Its probably best to move on without my changes.
> Refactor the MSCRPlanner logic
> ------------------------------
>
> Key: CRUNCH-34
> URL: https://issues.apache.org/jira/browse/CRUNCH-34
> Project: Crunch
> Issue Type: Improvement
> Components: Core
> Affects Versions: 0.3.0
> Reporter: Josh Wills
> Assignee: Josh Wills
> Attachments: PLANNER-REFACTORING.patch
>
>
> I had a conversation with Robert awhile back about one of the shoddier areas
> of the Crunch codebase-- the planning logic. It relies on a whole bunch of
> mutable state, which makes the logic of the overall planning process
> incomprehensible to anyone except for me (back when I wrote it) and Gabriel
> (who grokked it well enough to fix some bugs in it.)
> It turns out that understanding the planning process is actually pretty easy
> if you map the logical plan to a graph that has three kinds of vertices:
> Source, Target, and GroupByKey (GBK). All of the other nodes in the logical
> plan (primarily DoCollection/DoTable instances) make up the edges of the
> graph.
> Once you take this graph perspective, you can think of the MapReduce job
> creation process entirely in terms of graph operations:
> 1) Walk the logical plan and construct the initial Graph object, which allows
> Edges to exist between GBK vertices.
> 2) Build a new graph that is identical to the first one, except it eliminates
> Edges between GBK vertices by constructing additional Source and Target
> vertices.
> 3) Identify all of the (weakly) connected components of the new graph.

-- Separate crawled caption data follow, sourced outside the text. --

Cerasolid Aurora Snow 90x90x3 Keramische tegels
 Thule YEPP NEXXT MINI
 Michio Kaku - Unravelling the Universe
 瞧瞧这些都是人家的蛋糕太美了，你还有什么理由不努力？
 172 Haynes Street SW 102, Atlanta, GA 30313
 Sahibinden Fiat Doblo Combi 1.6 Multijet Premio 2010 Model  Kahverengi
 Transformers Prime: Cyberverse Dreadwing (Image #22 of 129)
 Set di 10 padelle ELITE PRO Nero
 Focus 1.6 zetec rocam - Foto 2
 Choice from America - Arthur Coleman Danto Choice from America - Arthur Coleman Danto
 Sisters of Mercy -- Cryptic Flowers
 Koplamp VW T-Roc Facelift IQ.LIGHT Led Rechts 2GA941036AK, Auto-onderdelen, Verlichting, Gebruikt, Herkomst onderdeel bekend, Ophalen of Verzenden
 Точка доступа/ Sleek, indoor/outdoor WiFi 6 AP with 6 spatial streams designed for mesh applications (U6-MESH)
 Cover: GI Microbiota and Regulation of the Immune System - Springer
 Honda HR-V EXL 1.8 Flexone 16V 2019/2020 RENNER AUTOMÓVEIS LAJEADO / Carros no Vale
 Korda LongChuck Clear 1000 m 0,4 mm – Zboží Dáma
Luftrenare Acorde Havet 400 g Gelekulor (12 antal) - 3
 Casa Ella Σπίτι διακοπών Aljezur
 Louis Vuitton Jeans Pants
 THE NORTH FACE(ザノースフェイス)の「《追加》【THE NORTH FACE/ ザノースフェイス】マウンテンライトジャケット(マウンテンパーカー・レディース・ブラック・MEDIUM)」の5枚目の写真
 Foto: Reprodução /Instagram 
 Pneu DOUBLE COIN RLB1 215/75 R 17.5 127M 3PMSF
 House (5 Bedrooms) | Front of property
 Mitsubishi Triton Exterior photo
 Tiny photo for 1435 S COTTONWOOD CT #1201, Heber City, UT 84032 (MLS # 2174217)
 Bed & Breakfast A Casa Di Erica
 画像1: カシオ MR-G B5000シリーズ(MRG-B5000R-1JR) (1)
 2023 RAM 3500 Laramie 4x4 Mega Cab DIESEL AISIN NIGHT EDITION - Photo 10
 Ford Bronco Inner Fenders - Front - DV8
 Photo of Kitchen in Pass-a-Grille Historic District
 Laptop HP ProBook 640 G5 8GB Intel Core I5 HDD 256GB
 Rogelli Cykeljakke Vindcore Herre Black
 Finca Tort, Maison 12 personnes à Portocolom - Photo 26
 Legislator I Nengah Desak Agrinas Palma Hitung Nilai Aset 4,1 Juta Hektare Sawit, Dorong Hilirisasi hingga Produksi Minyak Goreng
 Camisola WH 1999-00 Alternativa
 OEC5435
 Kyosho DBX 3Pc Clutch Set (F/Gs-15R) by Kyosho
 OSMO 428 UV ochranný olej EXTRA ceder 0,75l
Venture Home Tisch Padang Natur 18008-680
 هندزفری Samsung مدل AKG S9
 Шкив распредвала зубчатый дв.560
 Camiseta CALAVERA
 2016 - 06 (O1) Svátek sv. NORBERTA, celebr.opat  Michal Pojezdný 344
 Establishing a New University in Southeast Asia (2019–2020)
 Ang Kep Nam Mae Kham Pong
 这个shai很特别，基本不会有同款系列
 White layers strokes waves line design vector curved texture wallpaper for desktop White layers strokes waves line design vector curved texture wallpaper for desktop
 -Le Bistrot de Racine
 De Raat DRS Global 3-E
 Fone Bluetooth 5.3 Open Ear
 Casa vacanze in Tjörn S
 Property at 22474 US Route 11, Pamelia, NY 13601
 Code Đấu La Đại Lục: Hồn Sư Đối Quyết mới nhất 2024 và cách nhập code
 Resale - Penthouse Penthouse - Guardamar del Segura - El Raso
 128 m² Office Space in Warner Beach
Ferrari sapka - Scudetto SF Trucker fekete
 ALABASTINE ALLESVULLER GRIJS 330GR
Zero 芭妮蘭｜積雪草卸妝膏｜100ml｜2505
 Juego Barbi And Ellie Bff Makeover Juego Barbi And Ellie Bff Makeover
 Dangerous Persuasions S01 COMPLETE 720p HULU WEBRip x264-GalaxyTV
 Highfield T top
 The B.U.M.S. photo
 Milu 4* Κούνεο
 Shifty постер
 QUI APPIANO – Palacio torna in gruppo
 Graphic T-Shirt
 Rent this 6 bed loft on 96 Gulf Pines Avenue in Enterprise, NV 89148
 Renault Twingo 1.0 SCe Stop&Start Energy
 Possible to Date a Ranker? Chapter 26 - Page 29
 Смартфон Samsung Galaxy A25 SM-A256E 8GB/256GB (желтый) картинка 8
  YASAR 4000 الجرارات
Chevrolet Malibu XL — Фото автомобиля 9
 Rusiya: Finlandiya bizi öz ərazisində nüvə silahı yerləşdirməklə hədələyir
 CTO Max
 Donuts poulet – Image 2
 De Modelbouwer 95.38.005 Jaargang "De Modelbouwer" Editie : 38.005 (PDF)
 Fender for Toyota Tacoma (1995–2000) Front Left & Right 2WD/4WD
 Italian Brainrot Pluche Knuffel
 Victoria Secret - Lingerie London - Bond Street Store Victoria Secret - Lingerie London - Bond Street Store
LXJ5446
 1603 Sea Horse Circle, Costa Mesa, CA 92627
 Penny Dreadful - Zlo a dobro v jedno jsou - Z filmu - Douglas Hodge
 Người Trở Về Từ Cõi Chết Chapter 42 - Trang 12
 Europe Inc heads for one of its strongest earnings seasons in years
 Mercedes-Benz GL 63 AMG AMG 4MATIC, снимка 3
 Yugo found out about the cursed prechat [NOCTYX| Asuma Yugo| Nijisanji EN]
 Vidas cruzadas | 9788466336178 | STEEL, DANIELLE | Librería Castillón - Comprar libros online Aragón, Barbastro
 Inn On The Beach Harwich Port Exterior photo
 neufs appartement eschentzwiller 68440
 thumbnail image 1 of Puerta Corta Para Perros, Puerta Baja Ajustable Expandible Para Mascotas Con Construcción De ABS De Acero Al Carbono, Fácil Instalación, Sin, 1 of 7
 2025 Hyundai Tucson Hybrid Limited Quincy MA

> 4) Construct MapReduce jobs out of the connected components, either map-only
> jobs when there is no GBK node in the component, or MapReduce jobs when there
> is one (or a fusion job when there is more than one.)
> I've been working on this off-and-on for a couple of weeks, and I have a
> version of the planning code that implements the description above and passes
> all of our tests. There are still places where we have mutable state that
> will need to be cleaned up, but I think this is a step in the right
> direction. I'm not sure it's ready for prime-time yet, but I wanted to get
> the conversation started.
--
This message is automatically generated by JIRA.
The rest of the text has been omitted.